Apoyado en Brian Beattie, y recayendo en ambos casi la exclusividad a la hora de poner en marcha el decorado instrumental que irá desfilando a lo largo de las canciones, no será dicha presencia sin embargo la que resulte novedosa sino el tipo de representación adquirido. Los detalles que con sutilidad siempre han asumido un protagonismo a la hora de definir en toda su complejidad las composiciones, ahora se orientan para trazar un contexto más luminoso en el plano formal. Una alteración aplicable también a unos textos que pese a no variar en cuanto a las interrogantes vertidas exponen unas respuestas o planteamientos originales respecto al habitual ideario de su autor.

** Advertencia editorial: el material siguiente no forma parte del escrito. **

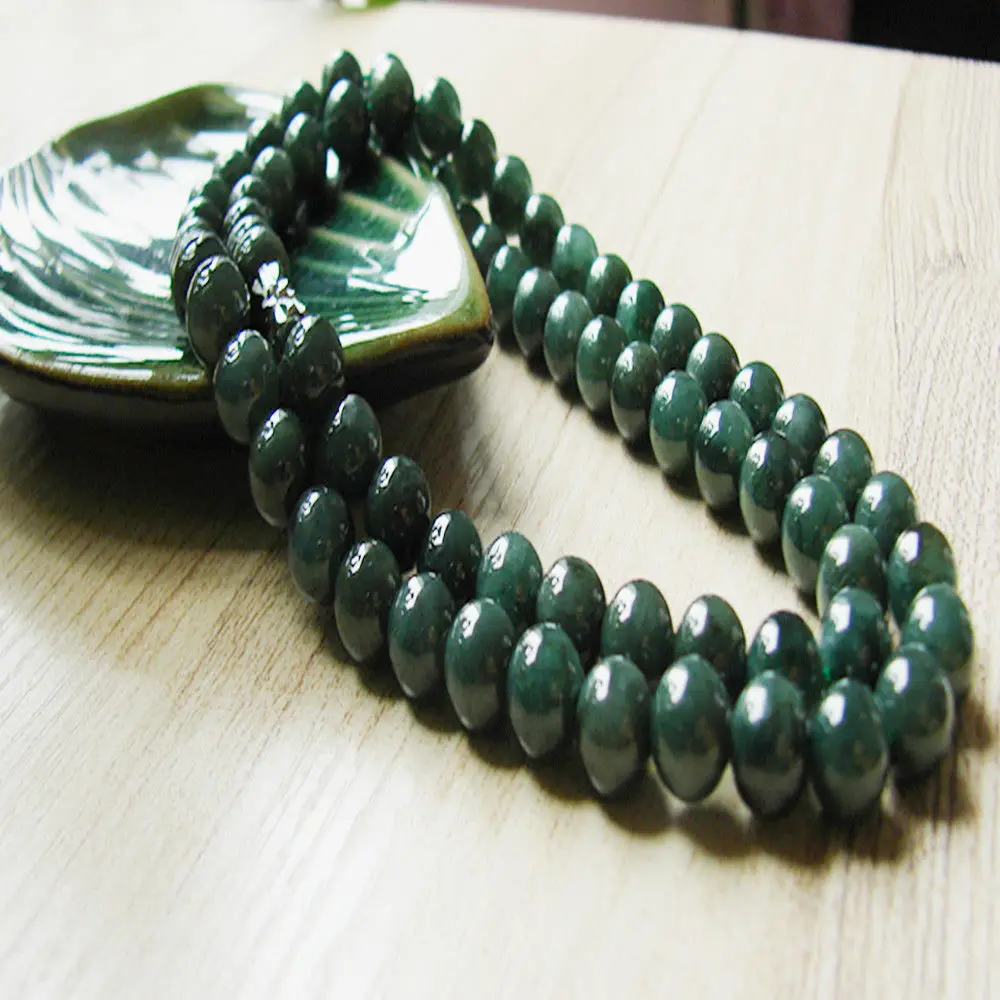 Natural Jade Necklace Emerald Jadeite Round beads long 8mm bead Jadeite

Tal es la necesidad por querer reflejar que este regreso afecta tanto al aspecto temporal como al almacenamiento vital con el que llega cargado, que su canción introductoria es una bienvenida explicita, “Shepherd’s Welcome”, con la que presentarse dispuesto a relacionarse con el oyente bajo otros parámetros, algo que hará por medio de una canción que alterna un sonido "profesional" con otro más casero y amateur. Una reflexión entorno a la escritura a la que volverá a referirse en “Writing”, ejercida con aires trovadorescos, contexto sobre el que destaca un tono de voz marcado cada vez en mayor medida por esa cálida y serena profundidad -lo que la convierte en excelente aliada en la misión del álbum- que a estas alturas parece instalada entre Nick Drake y Terry Callier.

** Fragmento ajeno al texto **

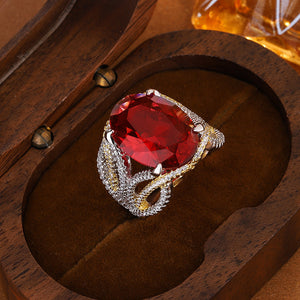 Fashionable Simple Elegant Inlaid Ruby Full Diamond Ring Hair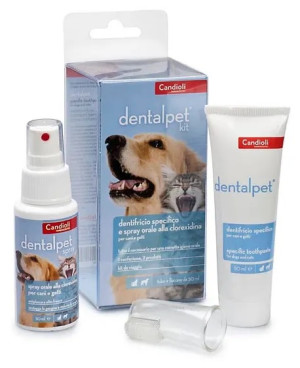Candioli Veterinari Dentalpet Kit Cani e Gatti Candioli Dentifricio 50ml+ Spray 50ml+ Ditale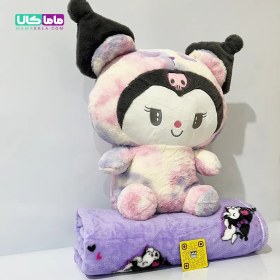 تصویر عروسک کرومی آبرنگی با پتوی طرح دار بنفش 50 سانتیمتر 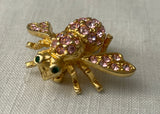 Joan Rivers Bumble Bee Pink Rhinestone Pin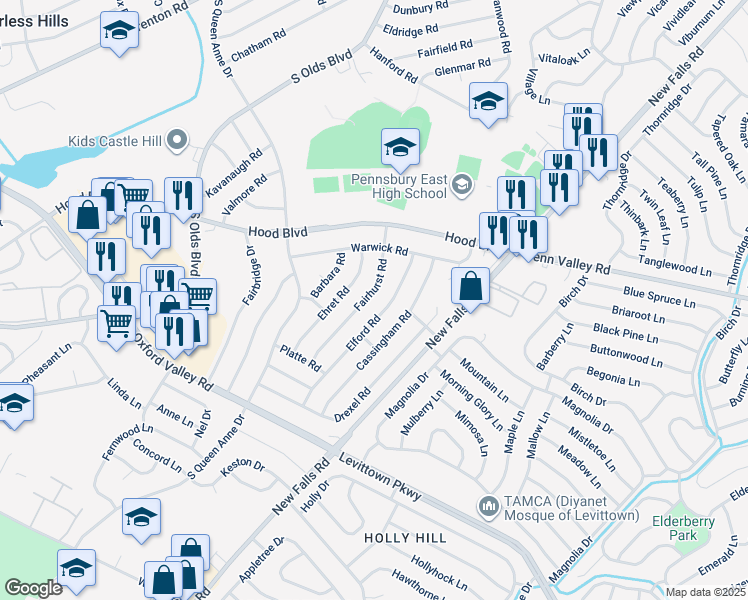 map of restaurants, bars, coffee shops, grocery stores, and more near 512 Fairhurst Road in Fairless Hills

El continuo -y en ocasiones imperceptible, dada esa delicadeza con que muchas veces es tratado- goteo de detalles musicales es el salvoconducto perfecto para que el disco pueda oscilar entre el maravilloso tono country-western de una metafórica “Black Dog on the Beach”, con la que evocar a su padre; ademanes de crooner jazzístico (“Angela”) o desarrollos instrumentales dignos de una jam session en “Camels”. Un paso más allá en la elección del revestimiento con el que decorar los temas se descubrirá entre las nerviosas y atiborradas bases, incapaces pese a todo de perturbar el sosiego vocal imperante, de “Call Me Anything” o en el contenido que esconde el brillante y cómico titulo de “The Ballad of Hulk”, donde jugueteando con “ruidos” ejercita una mirada a ese pasado, siempre en contante acecho, más airado.

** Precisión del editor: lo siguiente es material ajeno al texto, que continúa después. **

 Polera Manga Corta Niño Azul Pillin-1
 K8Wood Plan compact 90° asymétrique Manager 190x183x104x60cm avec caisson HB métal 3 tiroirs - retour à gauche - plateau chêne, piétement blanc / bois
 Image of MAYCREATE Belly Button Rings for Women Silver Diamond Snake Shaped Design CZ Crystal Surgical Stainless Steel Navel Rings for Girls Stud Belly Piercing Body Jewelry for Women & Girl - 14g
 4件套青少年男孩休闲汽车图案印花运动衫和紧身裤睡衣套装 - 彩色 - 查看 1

Pese al ya insistentemente mencionado entorno bucólico en el que parece sumergido el álbum, las maneras genéricas que exhibe este músico estadounidense son, pese a los matices, proclives a un tipo de sonido que alcanza una hondura tal que inevitablemente le hace estar relacionado con otras personalidades de sobrio dramatismo como pueden ser Mark Kozelek, John Martyn o Bonnie “Prince” Billy. Todas voces que dejan su eco en una serie considerable de temas de este álbum, valgan como ejemplo la colosal “Morning Is My Godmother”, sujeta por sonoridades con esencia de blues; una “Released” que desde su susurro emerge con categórica angustia; el poso melancólico con el que carga una bellísima “Son of the Sea”, todo un retrato de su actual estado emocional, o la escrupulosa sobriedad encaminada a recordar, y homenajear, a su madre en “Circles”.
Bill Callahan cuenta con una carrera lo suficientemente extensa y exuberante en cuanto a calidad como para que no cause sorpresa el sobresaliente nivel logrado en este actual capítulo. Lo que llama la atención es que con “Shepherd in a Sheepskin Vest” ha encontrado nuevos subterfugios con los que emocionarnos, y lo consigue expresando, y haciéndonos partícipes, del buen momento vital en el que se encuentra. Una sonrisa que ha hecho extensible a su personal y genial manera de encarar ese sonido de raíces siempre atravesado por una sobrecogedora mesura. Pocas cosas más gratificantes se puede encontrar el ser humano que la capacidad para poder compartir su felicidad, y si se hace bajo un envoltorio de tanta belleza como éste, entonces los afortunados, además del autor, seremos todos nosotros.